Por: Javiera Mella Holvoet, Médico Veterinaria y Asesor Técnico de Nutrición de la División Nutrición en Veterquimica.

La calidad de la cáscara del huevo es importante tanto para el consumidor como para la avícola, ya que es fundamental poder entregar y recibir un huevo íntegro que pueda ser consumido de manera segura en nuestros hogares.

La finalidad de una cáscara resistente, es poder garantizar la viabilidad de un pollito, en el caso de las reproductoras, y proteger el contenido interno, en el caso de gallinas ponedoras. Para lograr que un huevo tenga una buena calidad de cáscara, es necesario entregar una dieta balanceada a las aves, para que puedan recibir todos los nutrientes necesarios para poder formar una cáscara resistente.

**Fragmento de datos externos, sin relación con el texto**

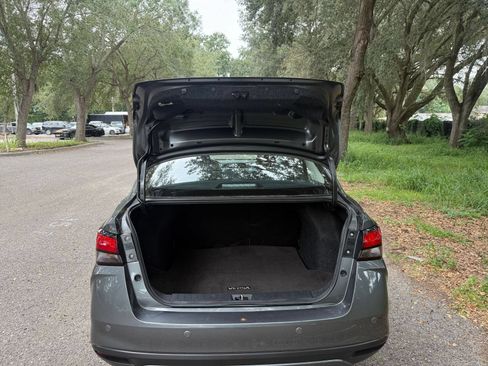 Used 2025 Nissan Versa SV FWD image 28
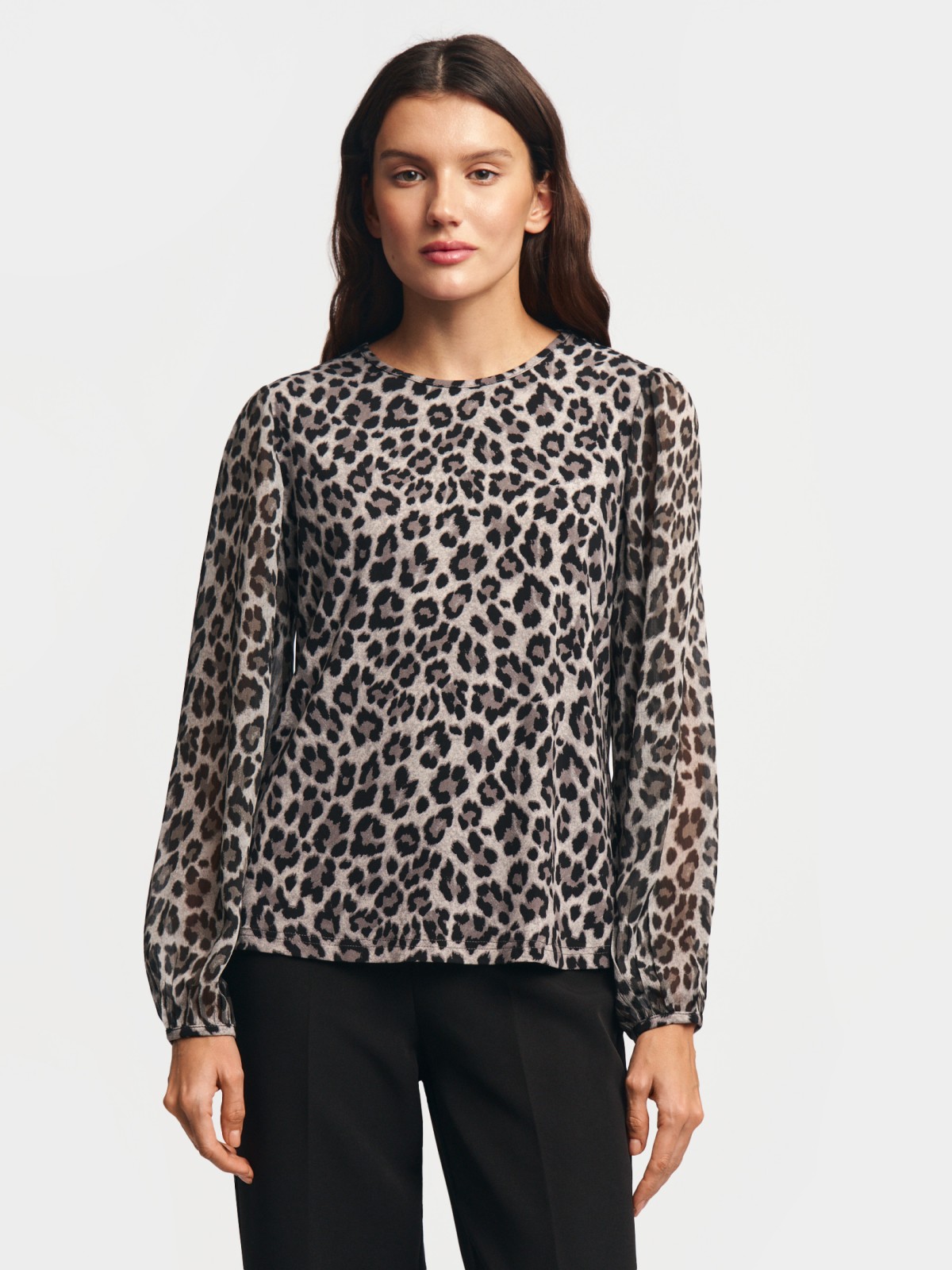 Леопардовая блузка с акцентом на рукавах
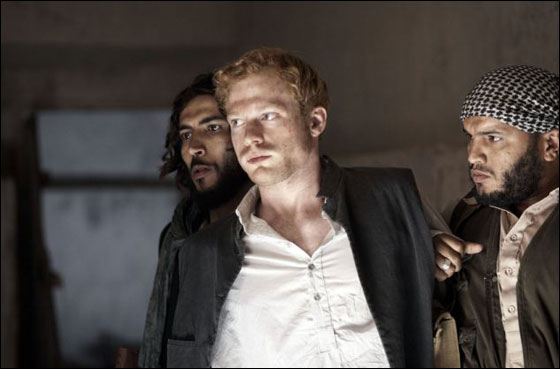 اختطاف الأمير هاري أثناء مهمة عسكرية في افغانستان وأسره!  صورة رقم 3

En la práctica, además del estado nutricional hay factores como la edad o el estado de salud de las aves que van a impedir la producción de una cáscara de la misma calidad en el tiempo, dando como resultado huevos frágiles, que tienden a trizarse o romperse, ya sea en la manipulación, antes o después del transporte a las góndolas de supermercados o a los almacenes.

Diversos estudios indican que hay una pérdida de un 0,5-5% a nivel de granja y 0,5-16,6% durante la comercialización. Esta pérdida no sólo tiene un impacto económico importante, ya que ese tipo de huevos no pueden ser comercializados, sino que también tiene un efecto en la inocuidad alimentaria, porque una cáscara que no está íntegra, no cumple su función de barrera de protección contra patógenos, por lo que podrían ingresar al huevo.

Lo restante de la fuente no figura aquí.